A: If these animals moved in groups – or found themselves in groups fortuitously or incidentally – then co-operative hunting of a sort is plausible, since even animals that don't live together will co-operate to herd or cluster prey. I’m not sure I’d want to call this pack-hunting, but social hunting of a sort seems plausible and perhaps likely. Imagine benthic-foraging plesiosaurs flushing prey towards others, or a group of them hemming prey in, and moving together so that the prey gets bunched up. There’s no direct fossil evidence for this, but the fact that some living crocodylians practise co-operation (Gans 1989, Yamashita 1991, King et al. 1998) provides an analogy.
Q: Do you think juvenile plesiosaurs stayed with their parents? Could these animals have lived in family groups, or pods?
A: The pregnant polycotylid described by O’Keefe & Chiappe (2011) shows that baby plesiosaurs were enormous relative to their mothers (as in, more than 33% the mother's length). Enormous babies indicate substantial maternal investment, and – in living reptiles – are suggestive of parental care, and also such things as kin recognition and strong social bonds. The giant polycotylid baby actually suggests that plesiosaurs practised extended parental care, with babies staying with their mothers for a long time: as in, months to years. I emphasise that this is speculative, and that what went for polycotylids might not have worked for Cryptoclidus too.
Q: Assuming that parental care was at play, would an adult have defended a juvenile from predators? If so, how?
A: If there's a strong bond between a mother and her baby, then, yes, I should imagine that the mother would defend her baby from attackers. Firstly, the juvenile might well travel close to the mother’s body so as to be concealed from predators (as occurs in whales). Sharks and mid-sized pliosaurs that came to attack the baby could well have received nasty flipper-smacks from the mother. When it comes to the danger posed by giant pliosaur predators, however, I suppose fast retreat would be the only way of escaping. If that’s so, we have to wonder whether babies could swim as fast as adults.
Q: What do you think about the possibility that these animals might have intentionally beached for safety or escape, like walruses or seals or penguins?
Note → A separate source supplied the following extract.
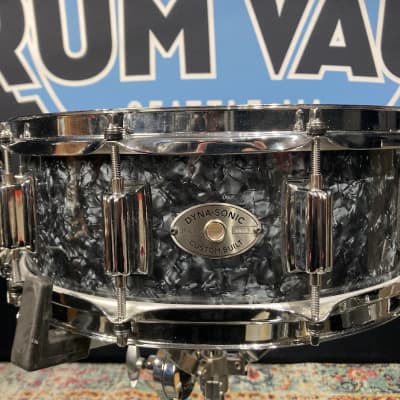 Rogers Dyna-Sonic 36BP 14X5" Snare Drum 2020s - Black Pearl image 11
A: I’m inclined to think that adult Cryptoclidus were too large to be able to fully leave the water. In fact, I reckon that plesiosaurs as a whole lack features that might permit terrestrial locomotion. If there are social bonds between juveniles and adults, you wouldn’t expect a juvenile to self-beach while its mother stayed in the water. Like most people who have expressed an interest in this area, I consider it possible, however, that plesiosaurs could self-beach in the way that some killer whales, bottlenose dolphins and wels catfish do: in other words, perhaps some pliosaurs might have self-beached in order to grab prey from the water’s edge. But there’s nothing about Cryptoclidus here that makes it different from a pliosaur: if a Cryptoclidus could self-beach to escape a pliosaur, I would think that the pliosaur could self-beach in the same way.
Q: Do you think Cryptoclidus might have eaten ammonites?
A: I don’t think Cryptoclidus has the right sort of teeth or jaws to do much damage to an ammonite, but I suppose it could grab at the tentacles and maybe attack the soft parts in general if they were protruding. Of course, that all depends on what ammonites looked like when alive (there being a few competing ideas).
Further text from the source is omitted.